Optimizing R Code

It is easy to write slow code in R due to the ecosystem it provides. When processing vast amounts of data, the performance of code is critical to minimize execution time. There is a limitation on how fast R can go, but with knowledge of how code is executed and the algorithim being used the speed is comparable to most other statistical programming langauges.
Terminology:
- User time - CPU time charged for the execution of user instruction of the calling process
- System time - CPU time charged for execution by the system on behalf of the calling process
R system.time function returns something like:
user system elapsed
12.080 0.160 12.241
We are usaully most interested in the total elapsed time of the execution, but there are cases when the user or system time is useful.
Benchmarking Tools
microbenchmark
for evaulating the time it takes to run a command- We could use
system.time(<expression>)
but it may return 0 for functions that run fast
- We could use
profvis
for code profiling
Allocating Memory Allocation
R loops have a reputation for being slow, but this isn't always true.

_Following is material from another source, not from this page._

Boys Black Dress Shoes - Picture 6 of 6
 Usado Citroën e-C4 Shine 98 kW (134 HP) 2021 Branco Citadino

Most of the time loops run slowly when improperly implemented with dynamic memory allocation. Consider the following example:
# Growing Matrix = BAD
matr <-NULL
system.time( for(i in seq(1e4)) matr <-rbind(matr, 1:10) )
user system elapsed
4.447 0.012 4.454
# Pre-Allocated Matrix = GOOD
matr <- matrix(NA, nrow=1e4, ncol=10)
system.time( for(i in seq(1e4) ) matr[i,] <- 1:10)
user system elapsed
0.013 0.000 0.013
Consider the loops above which create sequences in two different ways. In the first loop with rbind
every iteration of the loop allocates a new larger chunk of memory, copy the previous, calculate current values, and then de-allocates old memory. Avoid growing dataframes and matrices by allocating all memory at the start!
Vectorization
Compare the following 2 methods of computing a logarithm of each element of a vector then adding all elements together:
x <- rnorm( 1e4, 100,2 )
microbenchmark({
# Slow method:
total <- 0
for(i in seq_along(x)) total <- total + log(x[i])
},
{
# Faster:
log_sum <- sum(log(x))
})
Unit: microseconds
expr
{ total <- 0 for (i in seq_along(x)) total <- total + log(x[i]) }
{ log_sum <- sum(log(x)) }
min lq mean median uq max neval cld
2871.843 2928.1920 3171.2189 2971.4760 3333.7445 8537.560 100 b
314.734 319.7805 335.6021 323.7565 357.1405 366.385 100 a
So we observe that computing the entire vector at once is much more efficent than doing it one-by-one in a loop.
In the loop:
log()
is called 1e4 times with parameteres- It allocates memory 1e4 times to store the resulting value
- It needs to execute the addition the perform the assignment operation 1e4 times
Wheras in the vectorized approach:
log()
is called only once- Memory is allocated once (though for a larger object)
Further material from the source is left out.